# What do you think about Radiohead?



## PresenTense (May 7, 2016)

I really love that band. In Rainbows is one of my favorite albums of all time. All of their albums are great.


----------



## AndreyGaganov (May 16, 2016)

Not a fan of the band _per se_, though I almost thoroughly enjoy listening to _Kid A_, which is my only favorite album from them.


----------



## EarthBoundRules (Sep 25, 2011)

_OK Computer_ is great. I also enjoy _Kid A_ and _In Rainbows_.


----------



## Morimur (Jan 23, 2014)

Pop/rock band with delusions of grandeur. They think they're avant garde.


----------



## regenmusic (Oct 23, 2014)

I never really liked them. Among modern bands I liked Mew, Stereolab, Belle and Sebastian, and Broadcast.


----------



## Iean (Nov 17, 2015)

Morimur said:


> Pop/rock band with delusions of grandeur. They think they're avant garde.


First, Radiohead is not pop/rock. Maroon 5 is pop/rock.

And no, they are not deluded enough to think of grandeur. It was the press who gave them a semblance of grandeur after a series of critically-acclaimed albums early in their career. Plus the fact that if you ask any new/emerging band to name its influences, Radiohead's name is always mentioned.

So, series of critically-acclaimed albums + influence on new artists = grandeur :angel:


----------



## GreenMamba (Oct 14, 2012)

EarthBoundRules said:


> _OK Computer_ is great. I also enjoy _Kid A_ and _In Rainbows_.

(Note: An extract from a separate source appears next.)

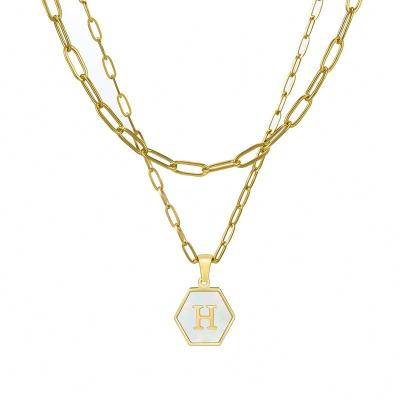 China TRENDY 18K PVD Gold Plated Double Layers Stainless Steel Hexagon Shell Initial Letter Necklace Women Wholesale Jewelry for sale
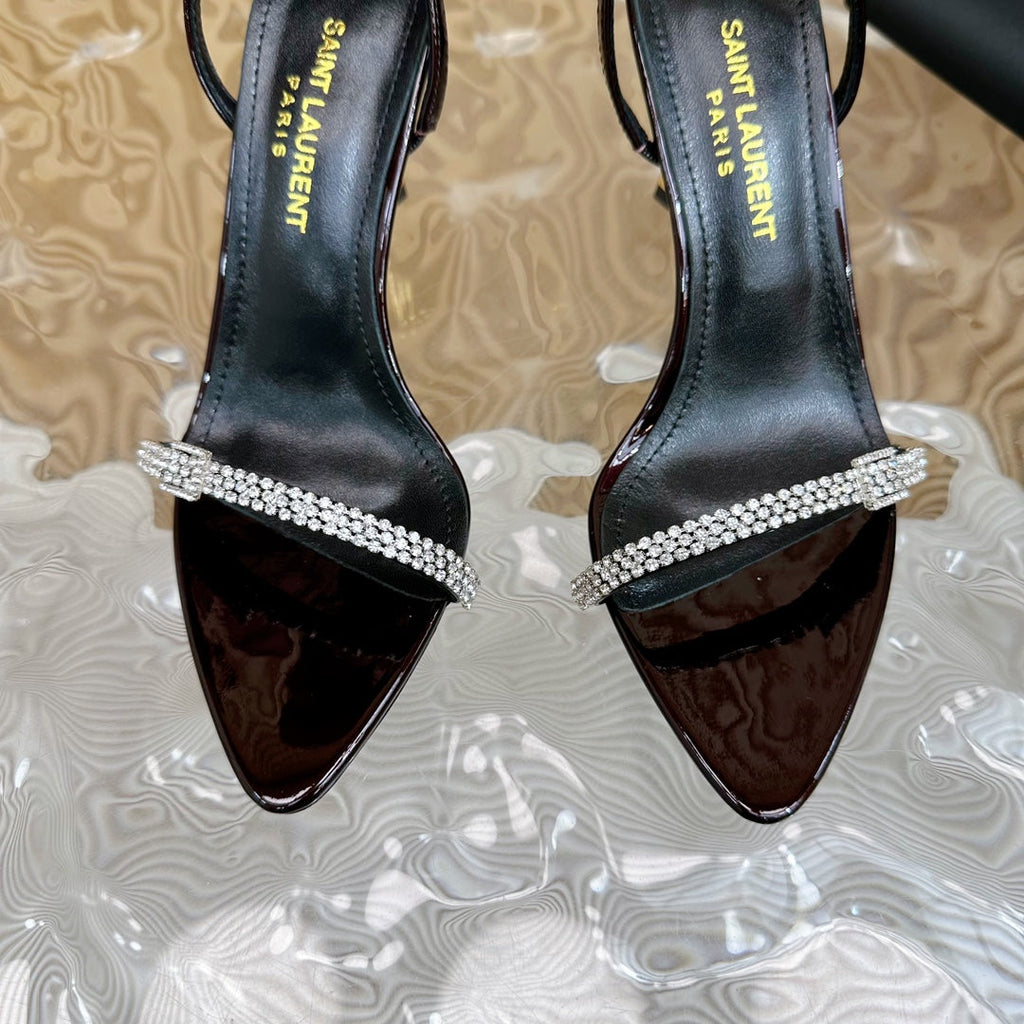RENDEZ-VOUS SANDALS 70 IN SATIN CREPE BLACK MAROON LEATHER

Pretty much exactly what I was gong to post.


----------



## DiesIraeCX (Jul 21, 2014)

I'm with GreenMamba and EarthBoundRules, those would be my top three, as well.

Just today I listened to _In Rainbows_ in the car, in its entirety, thanks to some major traffic.


----------



## Morimur (Jan 23, 2014)

Iean said:


> First, Radiohead is not pop/rock. Maroon 5 is pop/rock.
> 
> And no, they are not deluded enough to think of grandeur. It was the press who gave them a semblance of grandeur after a series of critically-acclaimed albums early in their career. Plus the fact that if you ask any new/emerging band to name its influences, Radiohead's name is always mentioned.
> 
> So, series of critically-acclaimed albums + influence on new artists = grandeur :angel:


Critically acclaimed by whom? Rock critics? 'Journalists' of the highest order. :tiphat:


----------



## Iean (Nov 17, 2015)

Morimur said:


> Critically acclaimed by whom? Rock critics? 'Journalists' of the highest order. :tiphat:


Rolling Stone Magazine, Allmusic, Pitchfork, NME, Spin, Mojo, NME, etc - for print/online media

Three Best Alternative Album awards (Grammy) One Ivor Novello award, etc - from music award-giving bodies..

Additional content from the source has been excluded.